Daha önce de söylediğimiz gibi, deniz, insan beynini yaratıcı bir hale getirir. İlginçtir ki, deniz, zihinsel berraklık durumunu sağlayan alfa beyin dalgaları ile de ilgilidir. Bu denizin tüm çevremizi bir anda ortadan kaldırma gücü vardır; böyle bir durumda tüm varlığımız, büyük bir anlam bütünlüğü ile bir kabarcığın içinde, havada süzülüyormuş gibi olur.

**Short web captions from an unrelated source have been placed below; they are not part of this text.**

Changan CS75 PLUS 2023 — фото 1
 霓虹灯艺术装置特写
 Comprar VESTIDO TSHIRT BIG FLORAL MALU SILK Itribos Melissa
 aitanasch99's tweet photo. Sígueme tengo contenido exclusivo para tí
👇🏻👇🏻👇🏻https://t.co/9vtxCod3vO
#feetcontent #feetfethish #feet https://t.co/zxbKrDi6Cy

“Okyanus, hayatında şimdiye kadar gördüğü en büyük şeylerden biriydi – hayal ettiği her şeyden daha büyük ve daha derindi. Ona baktıkça, zamana, mekana ve havaya göre rengi, şekli ve ifadesi değişti.”
– Haruki Murakami
Şimdi denizin beynimizi nasıl etkilediği hakkında biraz daha bilgi sahibi oldunuz. Eğer bu günlerde bir fırsatını bulursanız, tek yapmanız gereken sadece haliyle bu güzelliğin tadını çıkarmaktır. Mavi okyanus ile düşüncelere dalmak gibi bir şansınız varsa, bunu lütfen boşa harcamayın ve bütün varlığınız ve aklınız ile minnettar olun.
Bu metin yalnızca bilgilendirme amaçlı sunulmuştur ve bir profesyonelle görüşmeyi yerine geçmez. Şüpheleriniz varsa, uzmanınıza danışın.